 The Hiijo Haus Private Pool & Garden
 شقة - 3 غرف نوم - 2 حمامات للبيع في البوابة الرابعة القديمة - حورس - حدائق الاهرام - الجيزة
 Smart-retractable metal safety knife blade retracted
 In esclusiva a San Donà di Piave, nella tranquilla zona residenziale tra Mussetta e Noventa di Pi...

○ ○ ○ ○

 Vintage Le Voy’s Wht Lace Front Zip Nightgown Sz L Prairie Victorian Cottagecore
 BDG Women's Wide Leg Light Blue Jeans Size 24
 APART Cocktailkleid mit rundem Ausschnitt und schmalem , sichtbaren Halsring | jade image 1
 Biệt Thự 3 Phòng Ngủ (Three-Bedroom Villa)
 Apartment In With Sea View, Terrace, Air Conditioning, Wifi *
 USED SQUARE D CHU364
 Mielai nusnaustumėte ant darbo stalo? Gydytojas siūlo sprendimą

○ ○ ○ ○

▶ **What is expected**
Of all the entries above, output exactly the lines between the one holding "Vintage Le Voy’s" and the one holding "Mielai nusnaustumėte ant", inclusive.

▶ **Result of this exercise**
 Vintage Le Voy’s Wht Lace Front Zip Nightgown Sz L Prairie Victorian Cottagecore
 BDG Women's Wide Leg Light Blue Jeans Size 24
 APART Cocktailkleid mit rundem Ausschnitt und schmalem , sichtbaren Halsring | jade image 1
 Biệt Thự 3 Phòng Ngủ (Three-Bedroom Villa)
 Apartment In With Sea View, Terrace, Air Conditioning, Wifi *
 USED SQUARE D CHU364
 Mielai nusnaustumėte ant darbo stalo? Gydytojas siūlo sprendimą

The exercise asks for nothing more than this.